Exercise: From the line that contains "Radio CD Player" through the last line of the data, copy everything exactly and nothing else, omitting the pictures.
### Information provided ###
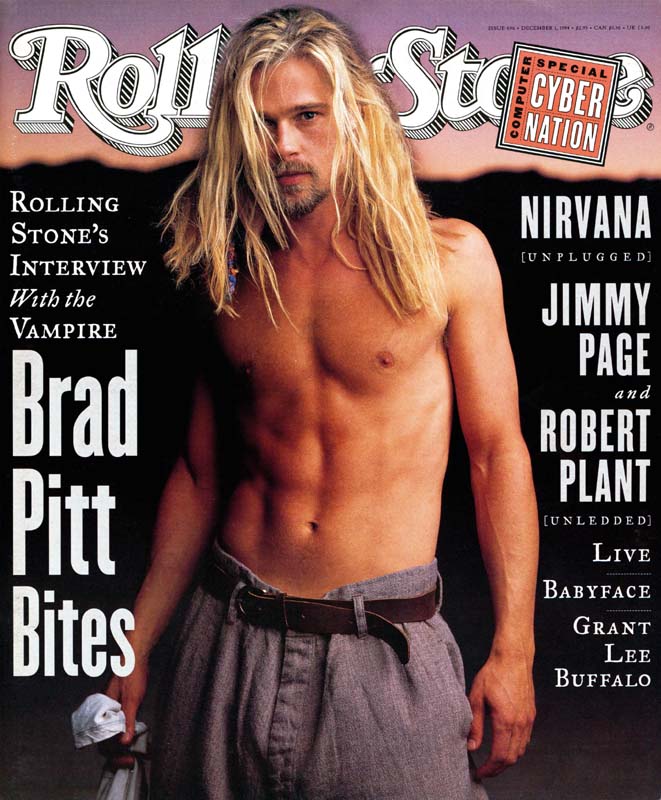 RS 696 – dezembro, 1994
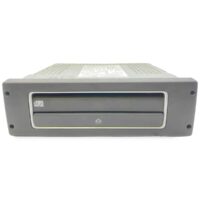 Radio CD Player Volvo 22584980 21461984 22192832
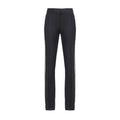 Pinko Broek Dames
###
Task response:
 Radio CD Player Volvo 22584980 21461984 22192832
 Pinko Broek Dames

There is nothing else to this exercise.